Privacy and Data Protection Policy
As an independent freelancer, I collect and process the personal data necessary for completing assignments and maintaining accurate business records. I have taken reasonable measures to protect this data from being accessed or misused by unauthorized third parties. In accordance with the European Union’s General Data Protection Regulation (GDPR), the following guidelines are meant to make these measures transparent and outline how I will use this data in “clear and plain language” (Art. 12 GDPR). If you have any questions or wish to exercise your rights under the GDPR, please contact me at the address below:
Dr. Ellen Yutzy Glebe
Schwarzer Weg 1
Data Collected and Transmitted
The data I collect or process for my translation work and business administration may include names, addresses, academic degrees earned, bank account numbers, etc. This data is stored solely for the purposes stated and shared with third parties only as necessary for these purposes.
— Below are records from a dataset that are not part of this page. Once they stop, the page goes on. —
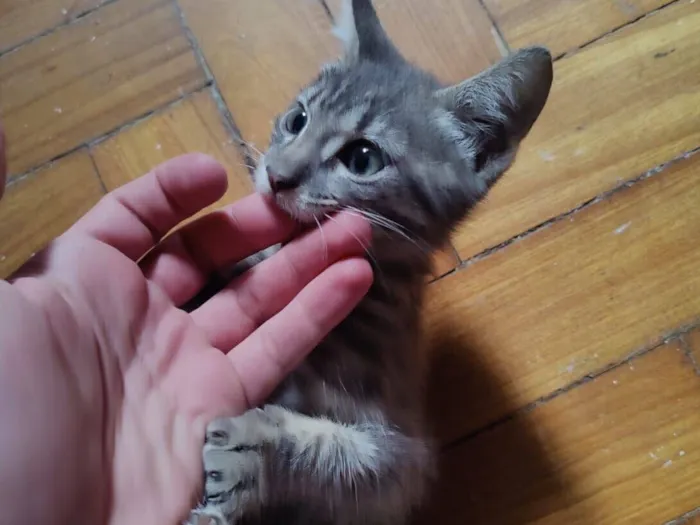 Gato raça SRD-ViraLata idade 2 a 6 meses nome Sem Nome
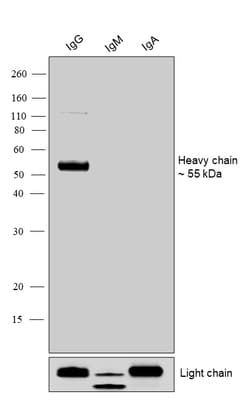 Invitrogen Goat anti-Human IgG (Heavy chain) Superclonal Secondary Antibody,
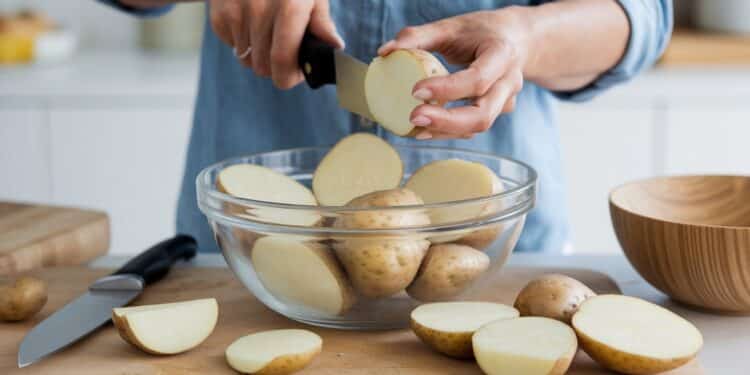 Congeler vos pommes de terre : la clé pour une cuisine pratique ! - Viral Mag Découvrez comment congeler vos pommes de terre pour gagner du temps en cuisine Nos astuces pour des frites purées et gratins réussis à tous les coups   Viral Mag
In general, this means that copies of outgoing and ingoing invoices and my financial statements are shared with my accountants and tax authorities in Germany and the United States. On occasion, I may ask a local information technology company for assistance in solving technical issues with my computer system; in such cases, said consultants may have temporary access to the data saved on my system as necessary to help resolve these issues.
In addition, I use G Suite for Business (Google) together with my own domain (hosted by 1&1) as my professional email provider. It is my understanding that G Suite is GDPR-compliant. As required by the GDPR, I have reached a data processing agreement with these providers to ensure their compliance with the regulations.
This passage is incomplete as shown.